==== MATERIALS PROVIDED

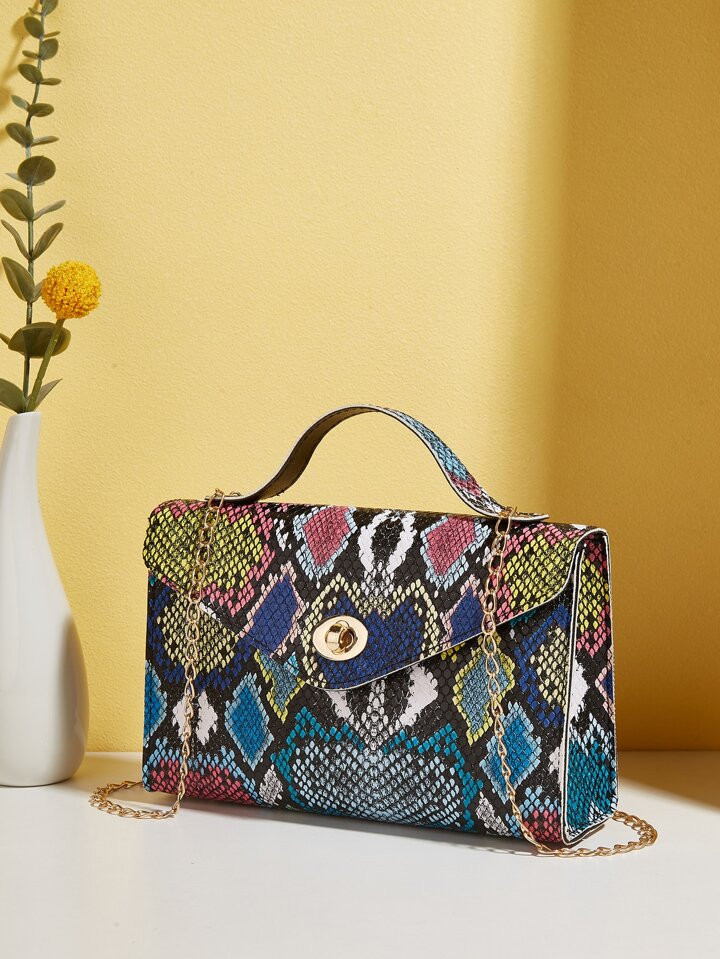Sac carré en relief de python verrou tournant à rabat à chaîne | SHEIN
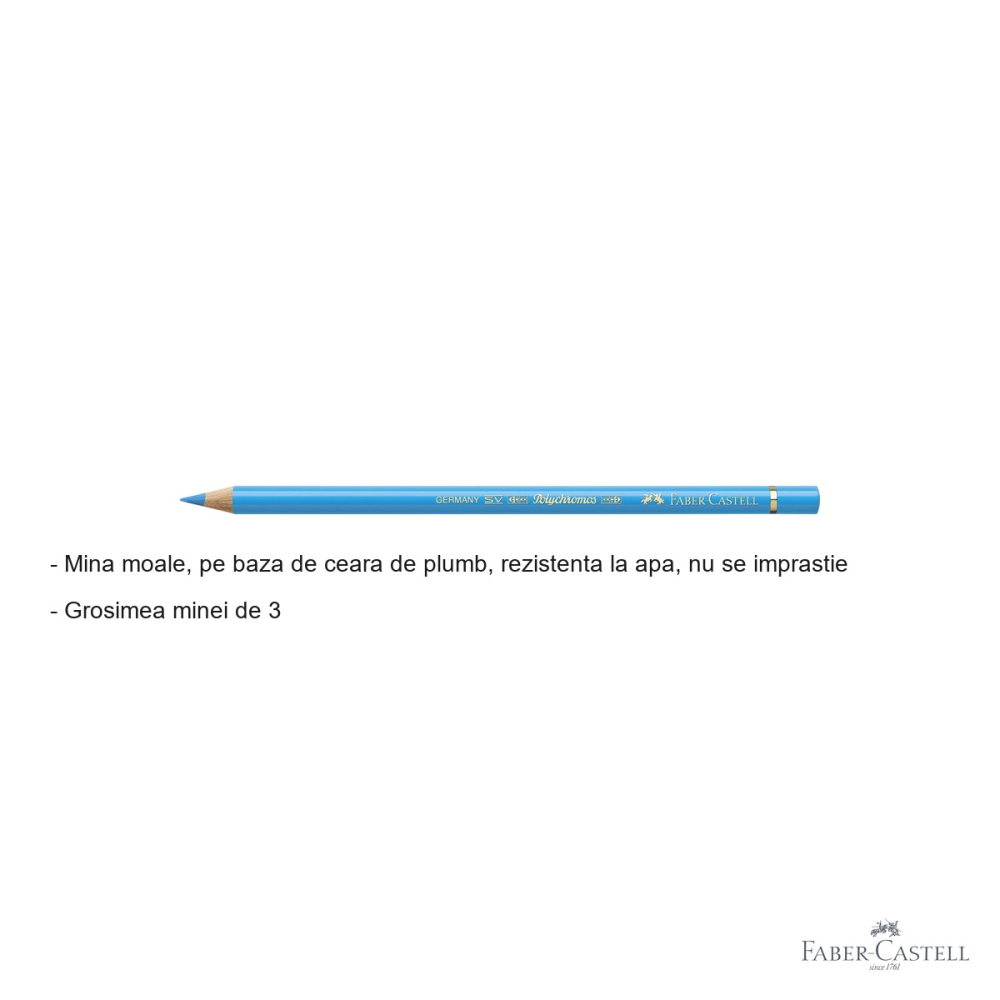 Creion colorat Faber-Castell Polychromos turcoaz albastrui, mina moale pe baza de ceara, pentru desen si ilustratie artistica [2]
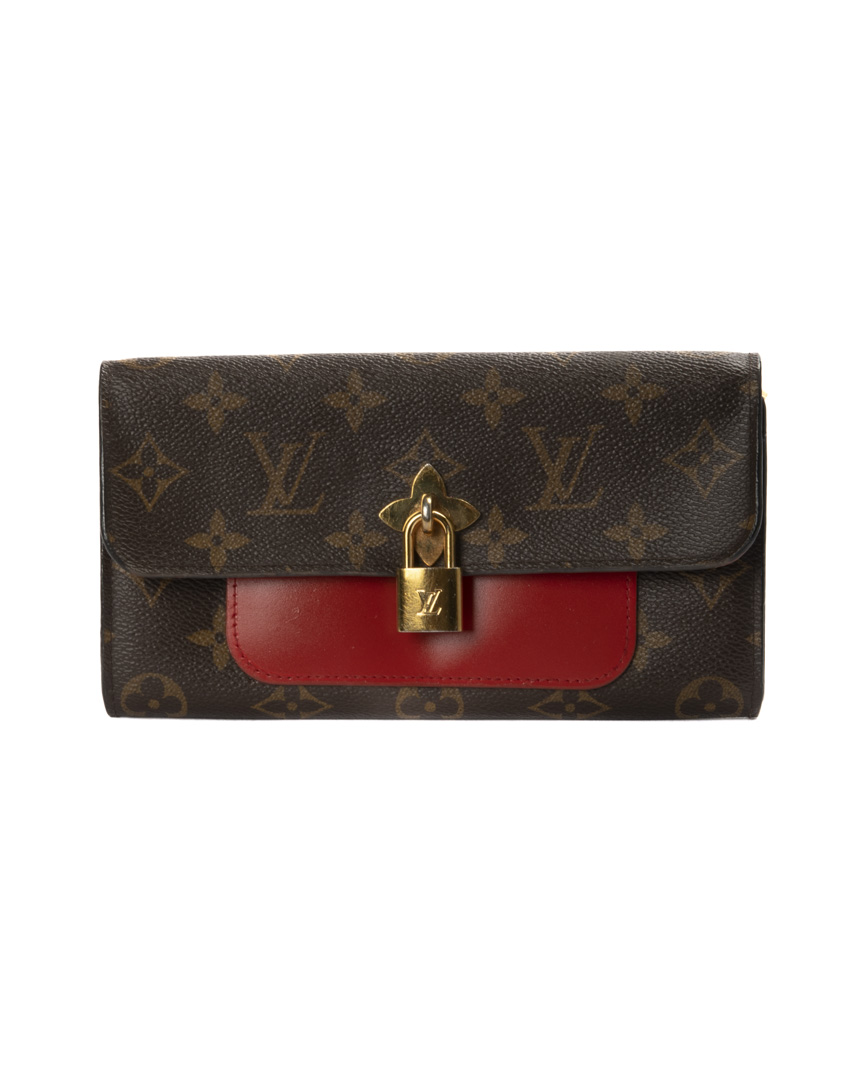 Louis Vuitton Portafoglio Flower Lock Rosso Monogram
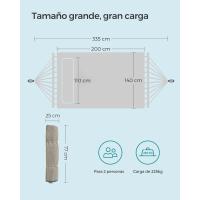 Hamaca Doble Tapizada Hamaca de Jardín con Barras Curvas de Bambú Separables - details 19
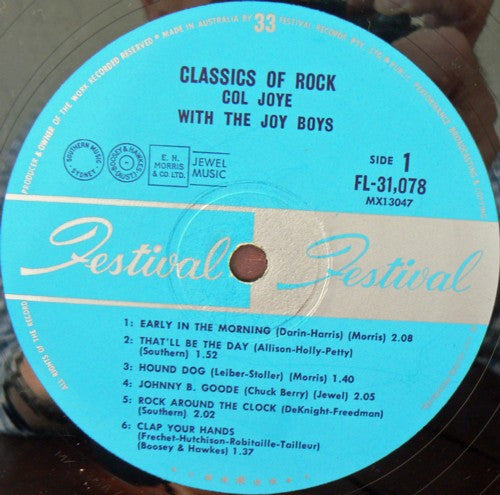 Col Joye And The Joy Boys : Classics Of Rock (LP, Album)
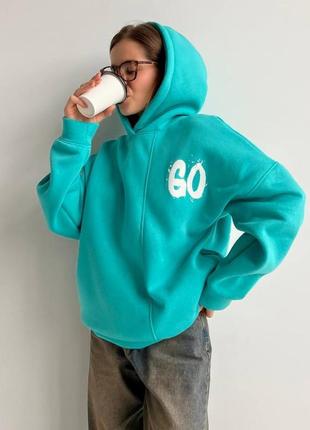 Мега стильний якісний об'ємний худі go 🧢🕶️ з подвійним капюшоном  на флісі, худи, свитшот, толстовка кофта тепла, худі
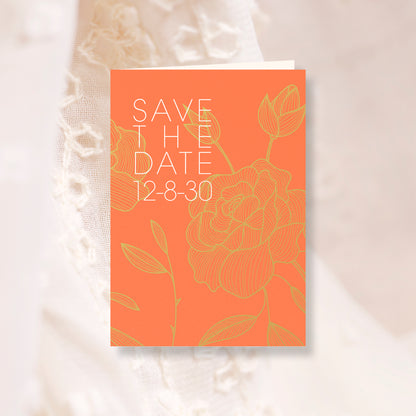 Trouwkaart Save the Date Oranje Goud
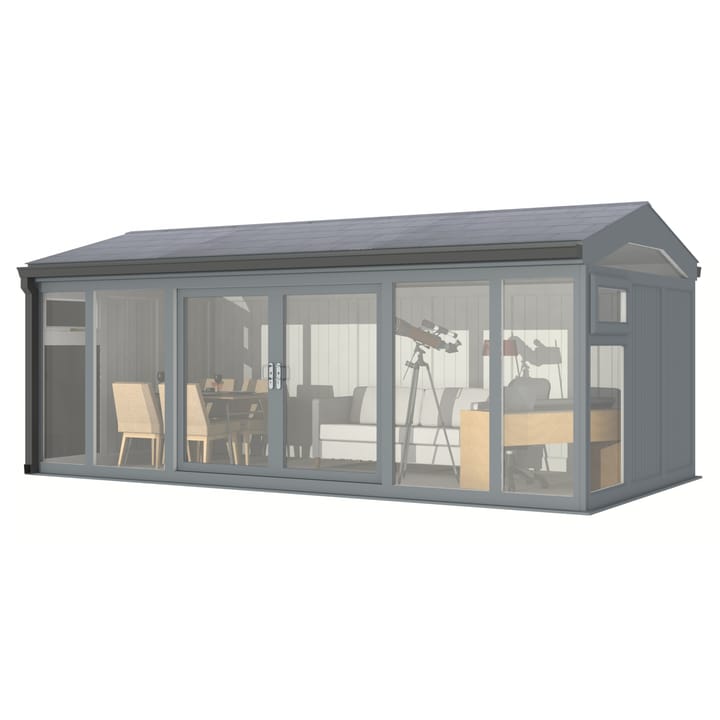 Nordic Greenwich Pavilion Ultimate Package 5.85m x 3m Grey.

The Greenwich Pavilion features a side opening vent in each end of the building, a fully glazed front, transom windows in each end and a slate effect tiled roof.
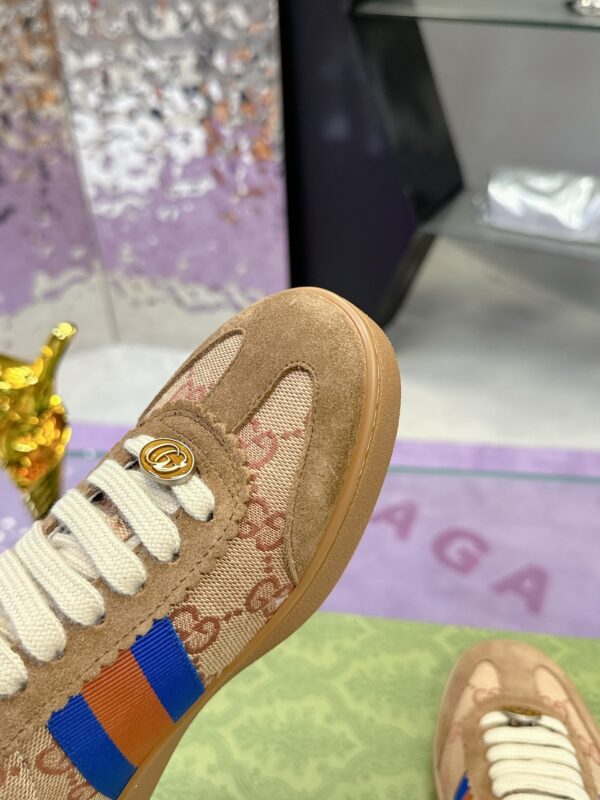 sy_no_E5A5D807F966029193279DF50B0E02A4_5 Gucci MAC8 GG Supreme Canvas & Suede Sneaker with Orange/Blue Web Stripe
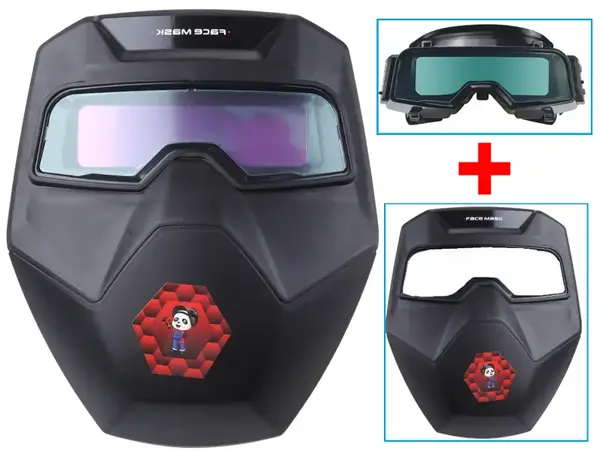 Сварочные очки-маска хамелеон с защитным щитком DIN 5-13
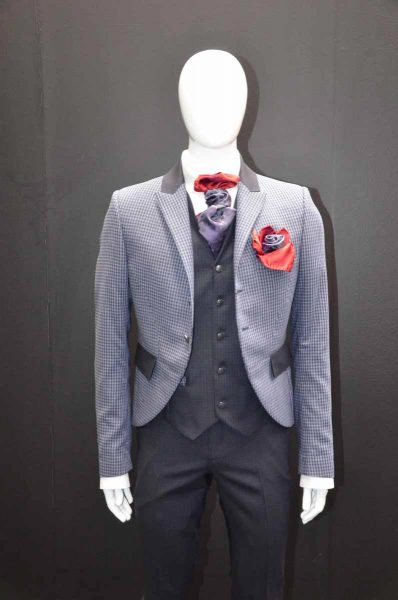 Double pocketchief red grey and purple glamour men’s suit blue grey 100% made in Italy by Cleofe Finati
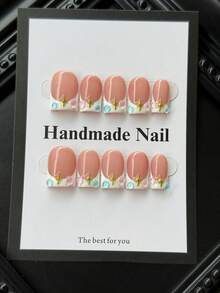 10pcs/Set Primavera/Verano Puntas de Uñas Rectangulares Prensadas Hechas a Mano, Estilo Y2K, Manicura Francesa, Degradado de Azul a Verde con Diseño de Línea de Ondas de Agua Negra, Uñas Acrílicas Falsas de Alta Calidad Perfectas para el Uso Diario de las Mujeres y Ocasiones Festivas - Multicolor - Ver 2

========

YOUR OBJECTIVE:
In the data above, retype only the stretch from the line with "The Greenwich Pavilion" through the line with "Double pocketchief red", word for word, and skip any pictures.

YOUR SOLUTION:
The Greenwich Pavilion features a side opening vent in each end of the building, a fully glazed front, transom windows in each end and a slate effect tiled roof.
 sy_no_E5A5D807F966029193279DF50B0E02A4_5 Gucci MAC8 GG Supreme Canvas & Suede Sneaker with Orange/Blue Web Stripe
 Сварочные очки-маска хамелеон с защитным щитком DIN 5-13
 Double pocketchief red grey and purple glamour men’s suit blue grey 100% made in Italy by Cleofe Finati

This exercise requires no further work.